The latest iteration of IBM’s z/OS workload pricing aims at to lower the cost of running cloud workloads. In a recent announcement, z Systems Workload Pricing for Cloud (zWPC) for z/OS seeks to minimize the impact of new public cloud workload transaction growth on Sub-Capacity license charges. IBM did the same thing with mobile workloads when they started driving up the four-hour workload averages on the z. As more z workloads interact with public clouds this should start to add up, if it hasn’t already.
As IBM puts it: zWPC applies to any organization that has implemented Sub-Capacity pricing via the basic AWLC or AEWLC pricing mechanisms for the usual MLC software suspects. These include z/OS, CICS, DB2, IMS, MQ and WebSphere Application Server (WAS). An eligible transaction is one classified as Public Cloud-originated, connecting to a z/OS hosted transactional service and/or data source via a REST or SOAP web service. Public cloud workloads are defined as transactions processed by named Public cloud application transactions identified as originating from a recognized Public Cloud offering, including but not limited to, Amazon Web Services (AWS), Microsoft Azure, IBM Bluemix and more.
IBM appears to have simplified how you identify eligible workloads. As the company notes: zWPC does not require you to isolate the public cloud work in separate partitions, but rather offers an enhanced way of reporting. The z/OS Workload Manager (WLM) allows clients to use WLM classification rules to distinguish cloud workloads, effectively easing the data collection requirements for public cloud workload transactions.
So how much will you save? It reportedly reduces eligible hourly values by 60 percent. The discount produces an adjusted Sub-Capacity value for each reporting hour. What that translates into on your monthly IBM software invoice once all the calculations and fine print are considered amounts to a guess at this point. But at least you’ll save something. The first billing eligible under this program starts Dec. 1, 2016.

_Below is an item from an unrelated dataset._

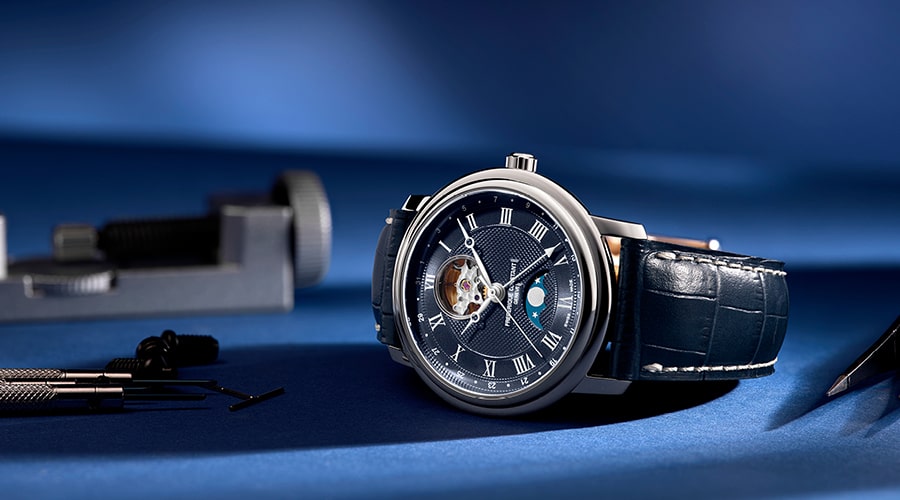 ساعت فردریک کنستانت اصل ساخت کجاست؟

I expect IBM to eventually follow with discounted z/OS workload pricing for IoT and blockchain transactions and maybe even cognitive activity. Right now the volume of IoT and blockchain activity is probably too low to impact anybody’s monthly license charges. Expect those technologies ramp up in coming years with many industry pundits projecting huge numbers—think billions and trillions—that will eventually impact the mainframe data center and associated software licensing charges.
Overall, Workload License Charges (WLC) constitute a monthly software license pricing metric applicable to IBM System z servers running z/OS or z/TPF in z/Architecture (64-bit) mode. The driving principle of WLS amounts to pay-for-what-you-use, a laudable concept. In effect it lowers the cost of incremental growth while further reducing software costs by proactively managing associated peak workload utilization.
Generally, I applaud anything IBM does to lower the cost of mainframe computing. Playing with workload software pricing in this fashion, however, seems unnecessary. I am convinced there must be simpler ways to lower software costs without the rigmarole of metering and workload distribution tricks. In fact, a small mini-industry has cropped up among companies offering tools to reduce costs, primarily through various ways to redistribute workloads to avoid peaks.
A modification to WLC, the variable WLC (VWLC) called AWLC (Advanced) and the EWLC (Entry), aligns with most of the z machines introduced over the past couple of years. The result, according to IBM, forms a granular cost structure based on MSU (CPU) capacity that applies to VWLC and associated pricing mechanisms.
From there you can further tweak the cost by deploying Sub-Capacity and Soft Capping techniques. Defined Capacity (DC), according to IBM, allows the sizing of an LPAR in MSU such that the LPAR will not exceed the designated MSU amount. Group Capacity Limit (GCL) extends the Defined Capacity principle for a single LPAR to a group of LPARs, allowing MSU resources to be shared accordingly. BTW, a potential downside of GCL is that is one LPAR in the group can consume all available MSUs due to a rogue transaction. Again, an entire mini industry, or maybe no so mini, has emerged to help handle workload and capacity pricing on the z.
At some point in most conference pricing sessions, the eyes of many attendees glaze over. By Q&A time, the few remaining folks pop up, holding a copy of a recent invoice and ask what the heck this or that means, and what the f$#%@#$ they can do about it.
I have to admit that I did not attend the most recent SHARE conference, where pricing workshops can get quite energetic, so cannot attest to the latest fallout. Still, the general trend with mobile and now with cloud pricing discounts should be lower costs.